* Exercise instructions:
Your task is to write out every line of the data exactly. Drop the pictures.

(Entries taken from a collection)
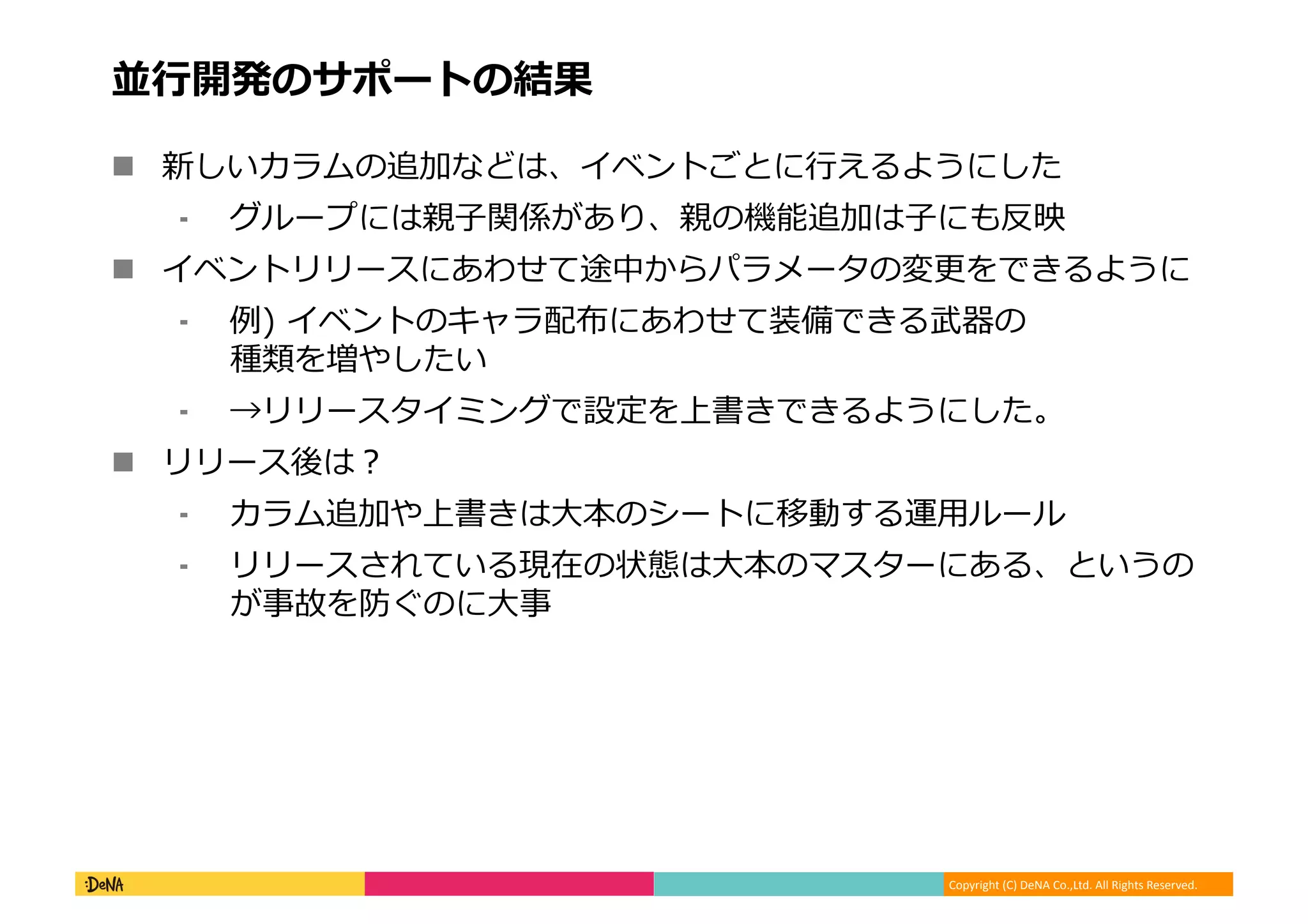 Copyright (C) DeNA Co.,Ltd. All Rights Reserved.
並行開発のサポートの結果
 新しいカラムの追加などは、イベントごとに行えるようにした
⁃ グループには親子関係があり、親の機能追加は子にも反映
 イベントリリースにあわせて途中からパラメータの変更をできるように
⁃ 例) イベントのキャラ配布にあわせて装備できる武器の
種類を増やしたい
⁃ →リリースタイミングで設定を上書きできるようにした。
 リリース後は？
⁃ カラム追加や上書きは大本のシートに移動する運用ルール
⁃ リリースされている現在の状態は大本のマスターにある、というの
が事故を防ぐのに大事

* Answer space:
 Copyright (C) DeNA Co.,Ltd. All Rights Reserved.
並行開発のサポートの結果
 新しいカラムの追加などは、イベントごとに行えるようにした
⁃ グループには親子関係があり、親の機能追加は子にも反映
 イベントリリースにあわせて途中からパラメータの変更をできるように
⁃ 例) イベントのキャラ配布にあわせて装備できる武器の
種類を増やしたい
⁃ →リリースタイミングで設定を上書きできるようにした。
 リリース後は？
⁃ カラム追加や上書きは大本のシートに移動する運用ルール
⁃ リリースされている現在の状態は大本のマスターにある、というの
が事故を防ぐのに大事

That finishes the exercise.